The Nishnabotna Water Defenders are hopeful they can expand their network across the watershed in the coming months.
In a building at the Montgomery County Fairgrounds, two dozen people perused auction items and information about nitrate test kits at a Nishnabotna Water Defenders’ event.
Mary Buchanan and her husband, both retired high school science teachers, said Iowa’s second-in-the-nation ranking for the rate of new cancer diagnoses motivated them to get involved. They’re worried about the potential link to nitrates.
“We’ve been doing nitrate testing in the water areas around where we live, east of Harlan, and it’s been eye-opening, lots of high test values coming out of the kits,” Buchanan said.
The Environmental Protection Agency (EPA) set a maximum contaminant level for nitrate in public drinking water systems at 10 mg/L in 1991. But more research over the last three decades indicates lower-level nitrate exposure increases risks for long-term health effects, including colorectal cancer, thyroid disease and neural tube defects.

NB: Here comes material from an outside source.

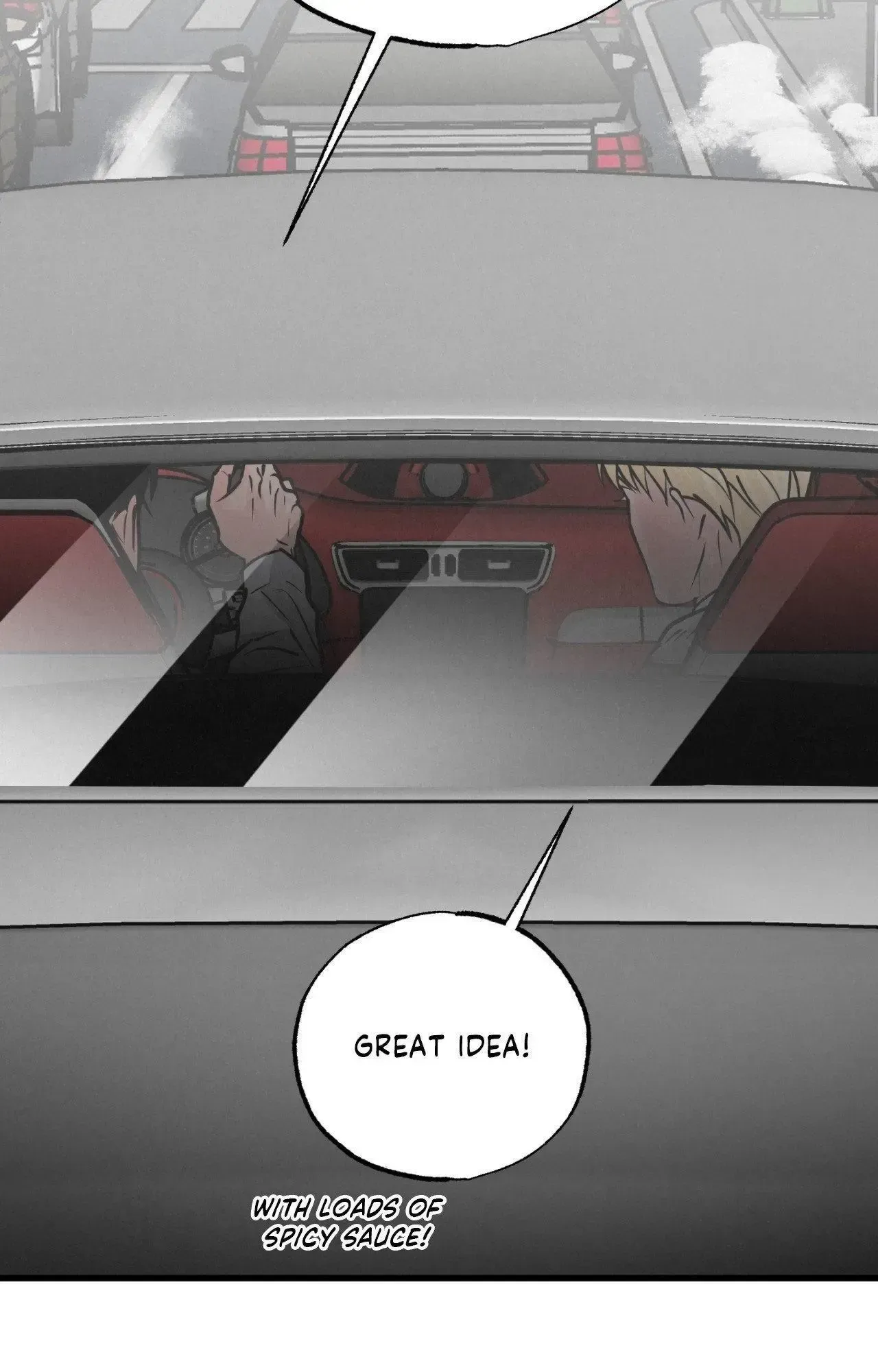 A Golden Pair Chapter 63 page 73 -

Ed Bastedo, a Harlan resident and pastor in Red Oak, said he was interested in getting a nitrate test kit to use at home.
“When we turn our faucet, we assume the water’s clean. Finding out that promise is not necessarily true is kind of frightening,” he said.
Statewide water quality sensors are at risk
Reese said building a network of citizen scientists is even more important now that funding for 60 stream and river sensors across the state is uncertain. Managed by the University of Iowa’s IIHR—Hydroscience & Engineering lab, the sensors collect real-time data for nitrate, pH, flow, temperature and other markers of water quality.
After the Iowa Legislature diverted state dollars in 2023, the Walton Family Foundation and Iowa Nutrient Research Center provided bridge funds to keep the sensors running through June 2026. The Polk County Board of Supervisors recently voted to provide $200,000 to help maintain the network. However, it’s not clear if other counties will contribute to fully fund the program when funds run low next year.
“If anyone is serious about doing something about water quality, they have to put the funding back for those sensors,” said Claire Hruby, an assistant professor of environmental science and sustainability at Drake University.
A piecemeal approach to monitoring can lead to data gaps across the state, increasing risks for communities without their own testing, she explained. It also makes it harder to know whether investments and voluntary efforts to scale-up conservation practices, like cover crops, saturated buffers and wetlands, are working.
“There's certain work that has to be done at the state level, and monitoring is a piece of that,” Hruby said. “We're seeing citizens sort of take charge because we're lacking leadership.”